Gary and Keith, particularly as Washington residents with contacts with the federal government, recognized the antics of the Republicans as politics in the purest and ugliest form and believed that the only way to combat them was to counter their political maneuvering. Aware that the Republicans were attempting to gather negative and harmful information about my witnesses and other supporters, they were fearful, with good
reason, that any show of support for me could result in professional retaliation. I knew that no ordinary citizen could match the resources of the senators. Moreover, I viewed the experience as a choice about how I was going to live my entire life, not just these few days in Washington. When the episode was over, Senators Simpson, Hatch, Specter, and Danforth, I had no doubt, would continue to act in the same fashion; this was the way of life they had chosen—and it was politics as usual for them. But it was not what I had chosen. I had left it eight years prior and wanted no part of it, particularly now. Moreover, no matter how smart, resourceful, and committed our team was, we were not equipped to play their game.

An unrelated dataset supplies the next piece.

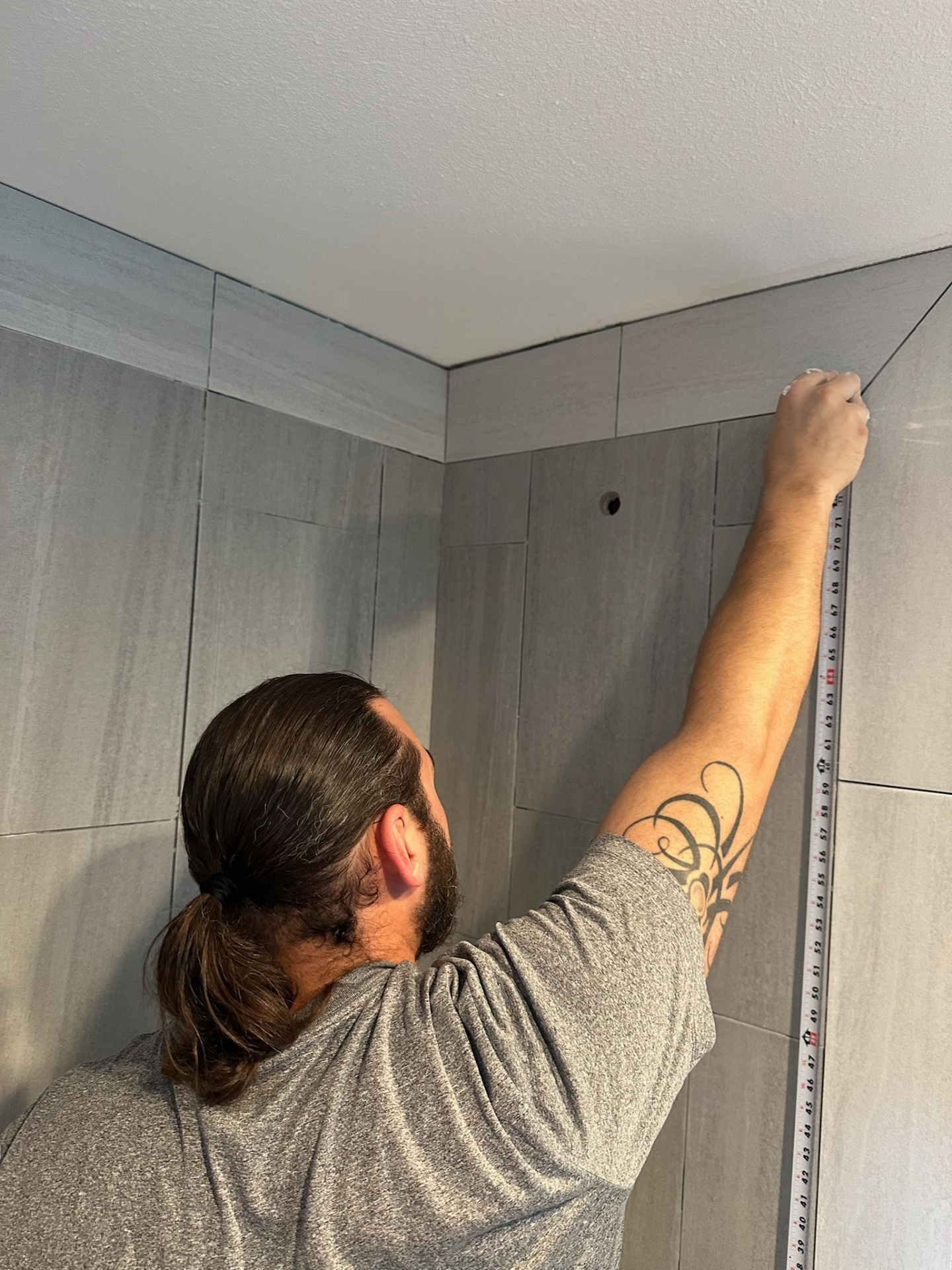 Installer measuring the top course inside the master bath shower of the Metairie second-floor addition to keep the tile layout even tight to the ceiling line
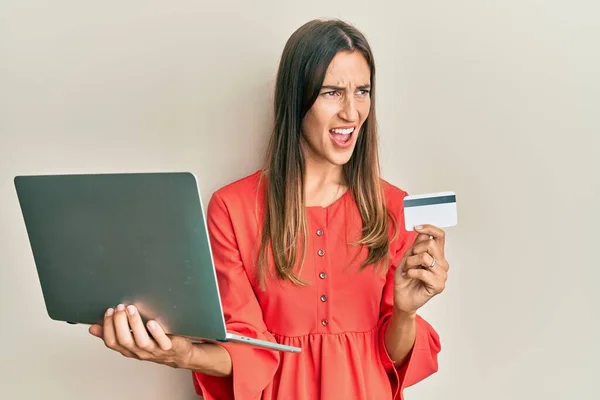 Młoda Piękna Kobieta Trzymająca Laptopa Kartę Kredytową Wściekła Wściekła Krzycząc — Zdjęcie stockowe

I reminded Ronald, Gary, and Keith that I had started out saying that I did not want the matter to be tried in the press and that I intended to maintain that posture throughout the proceeding, no matter how tough it became. Though they were not satisfied with my responses, they did not push. Keith, perhaps better than the other two, knew firsthand that once I had made up my mind on a matter of principle, I would not budge. More important, I am certain that they did not want to cause me any discomfort. Disappointed, they left the room just minutes before I left, to take the examination, accompanied by Shirley Wiegand, Charles Ogletree, and Ray McFarland.

D
espite the task that I was about to undertake, I was grateful to be out of the hotel room. The day was a typically overcast cloudy autumn day, but being outside offered me a glimpse of life that I missed in the grim reality of watching the hearing from my hotel room. Ray McFarland delivered us to the appointed place, the law office of Arnold and Porter in northwest Washington, D.C. One of the partners there, Charles Ruff, a well-known Washington, D.C., attorney and former president of the Washington, D.C., Bar Association, arranged the polygraph examination. Because it was Sunday morning, Ruff met us in the lobby to give us access to the conference room and office in the secured building. The stillness of the building with its huge empty corridors gave
the process an even greater sense of mystery. Ruff spoke only briefly with Ogletree, Wiegand, and me, before he took me to a small conference room where the polygraph equipment was set up. We were all anxious to get the examination under way. It did not seem the time for small talk.